草,如本文题目,要写的是斗草,又称斗百草。这是古代儿童、女子的一种游戏,有谓《诗经·芣苢》“为儿童斗草嬉戏歌谣之辞,则周初已有此戏。”(顾文豪《风物正闲美》转引清人翟灏《通俗编》等意见。)也有说是起于汉代,唐宋最盛。它多在春夏草长的几个节日进行,如较早记载斗草的南朝梁宗懍《荆楚岁时记》说是在五月五。而几位宋人,范成大《四时田园杂兴》的春日其五:“青枝满地花狼藉,知是儿孙斗草来。
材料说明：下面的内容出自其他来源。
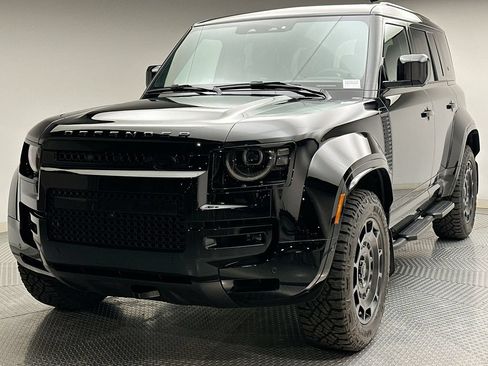 New 2026 Land Rover Defender 110 OCTA AWD/4WD image 1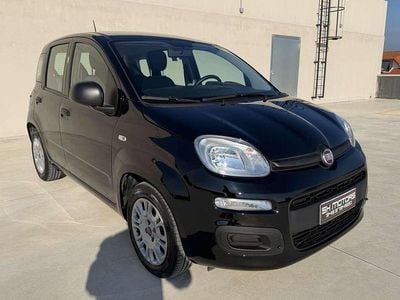Begagnad Fiat Panda S 69 HK (50 kW) 2021 Svart Halvkombi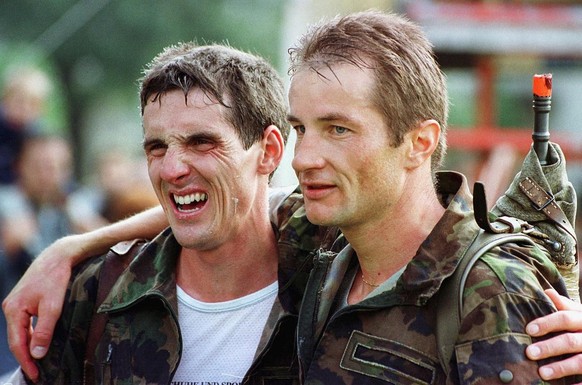 Der 57. Reinacher Waffenlauf vom 24. September 2000 hatte zwei Sieger: Die beiden Favoriten Martin von Kaenel, links, und sein Konkurrent Joerg Hafner liefen gemeinsam ins Ziel ein und teilten sich de ...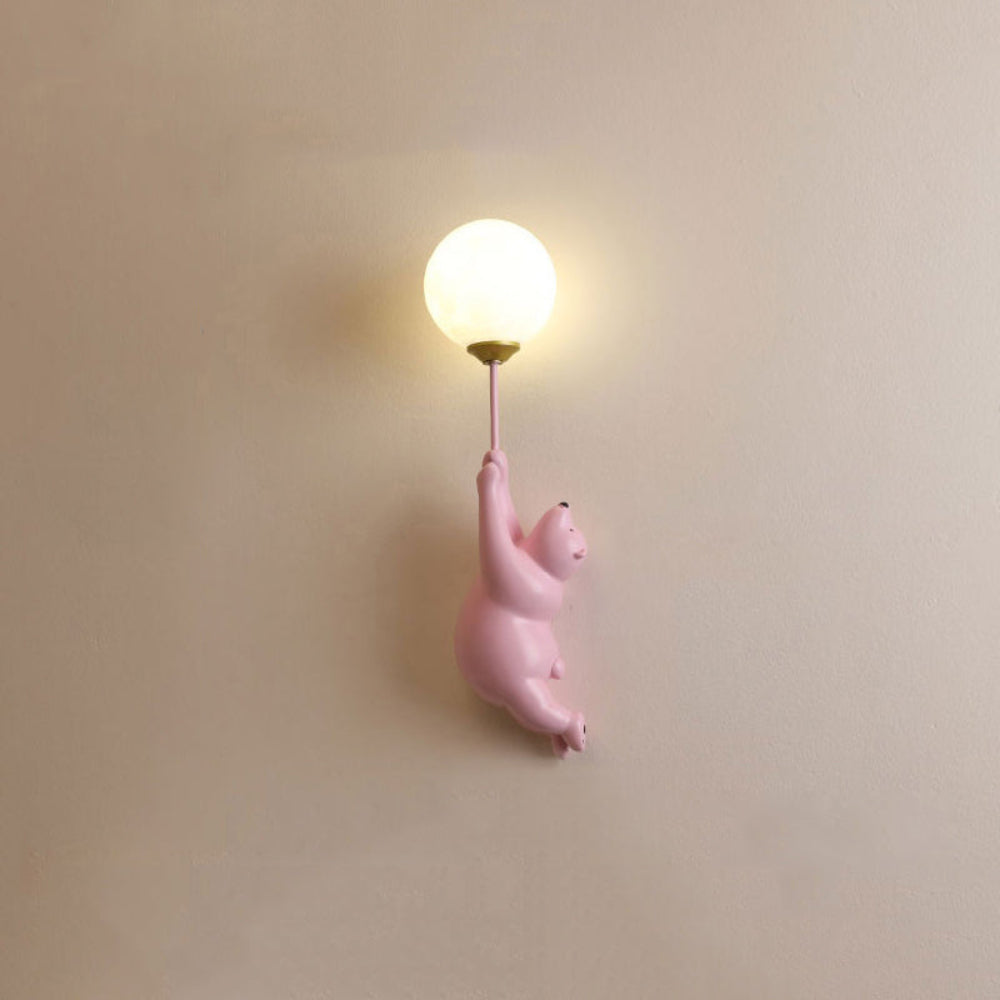 Nástenná lampa balón – Jemnosť a fantázia pre izbu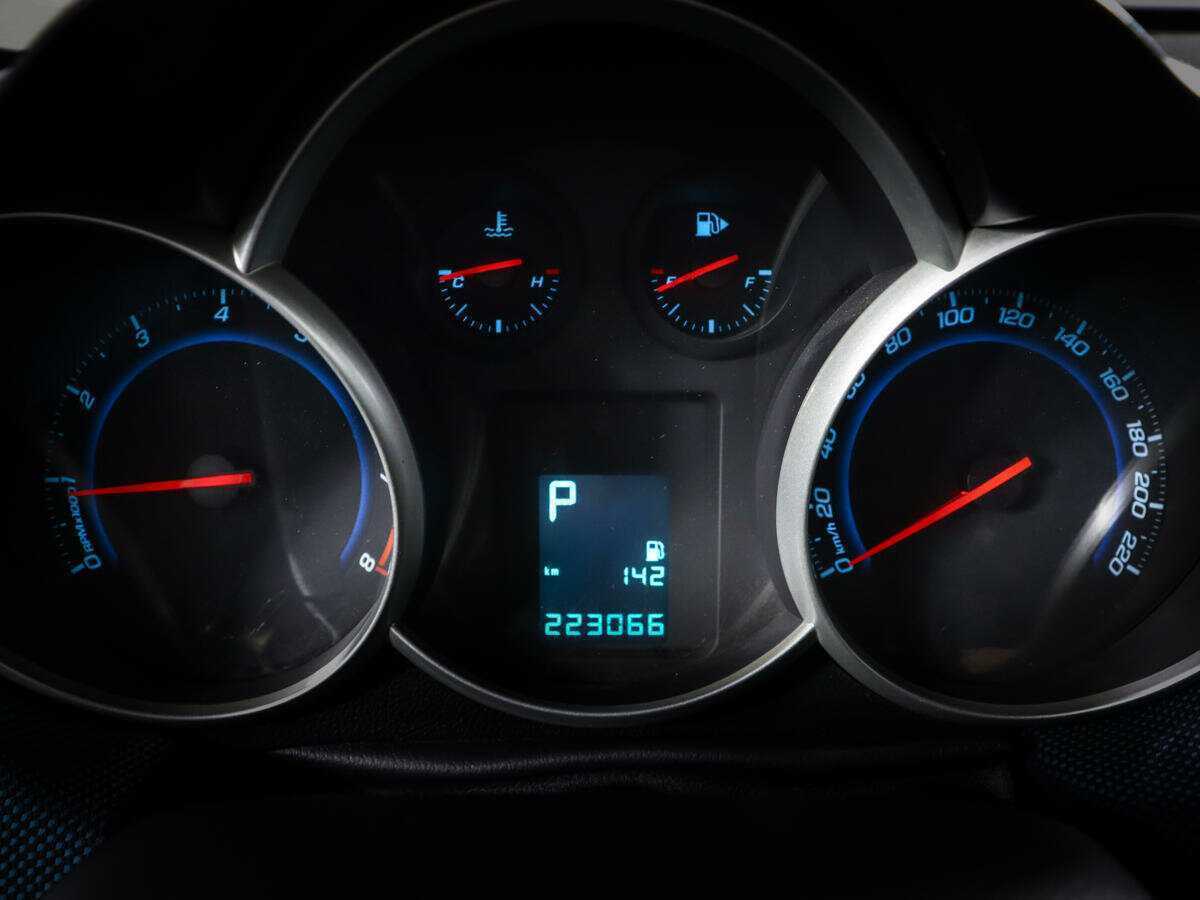 Купить Chevrolet Cruze с пробегом. Фото: #8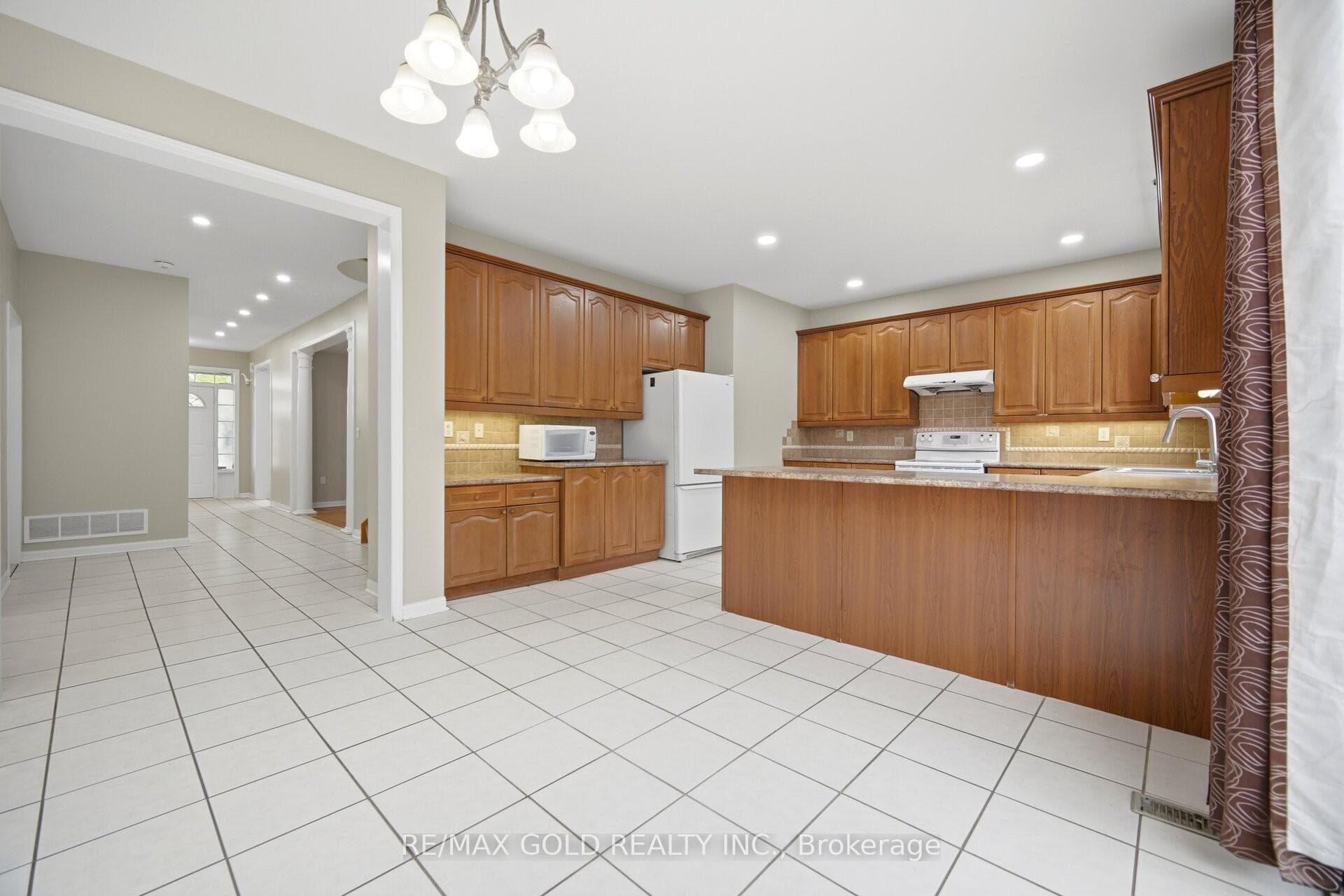 22 Cosmo Court photo 8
”背景为社日;李清照《浣溪沙》之“海燕未来人斗草”,则是在寒食;柳永《木兰花慢》记清明,“艳杏烧林,缃桃绣野”的好景,“倾城、尽寻胜去”的万家出游寻芳探胜,有“斗草踏青”的“欢情”。
上巳亦是斗草时,明代瞿佑《四时宜忌》载:“《荆楚记》曰,三月三日,四民踏百草,时有斗百草之戏。”清代孔尚任《节序同风录》也说三月三:“踏青,为斗百草之戏。”
斗草的具体情形,尚秉和《历代社会风俗事物考》谓“今则茫然矣”,将之作为“古戏失传”的一种。综合其他资料,大致可知道:斗草分为武斗与文斗,武斗是将草互相打结拉扯,比草的韧性,先断的为输;文斗是比品种的丰富和新奇,及掌握的名目多少,拿得出、说得出较多的为赢。这里面包括斗花,范成大那诗的斗草结果就是满地花枝。五代王仁裕《开元天宝遗事》记唐朝“长安士女,春时斗花,戴插以奇花多者为胜。”(即斗花同时也是簪花。)宋人张炎《解语花》云:“筹花斗草,几曾放,好春闲了。”《暗香》云:“但趁他、斗草筹花,终是带离索。”都将斗草与斗花并列。
张炎这两首词还可一说的是,前者下写“旧愁空杳”、“余情暗恼”,回想年少时光,“惊梦回,懒说相思,毕竟如今老。”按孙虹等《山中白云词笺证》所释,这是他回忆南宋灭亡前的自家幼姬,以离合之情寄兴亡之感。后者下写“纵到此,归未得,几曾忘却。”也是以斗草带出“孤寂”中的“忆昨”,无奈的别离与难忘的思忆。
北宋的二晏父子都写过斗草,情调则似随两人的遭际迥异而颇有区别。晏殊《破阵子》:“燕子来时新社,梨花落后清明……元是今朝斗草赢,笑从双脸生。”描述从社日到清明的春光中,“东邻女伴”的斗草之欢。由该词可感受这位神童、名相的一贯雍容气象、闲适风格,有一份清新明媚的婉丽温润。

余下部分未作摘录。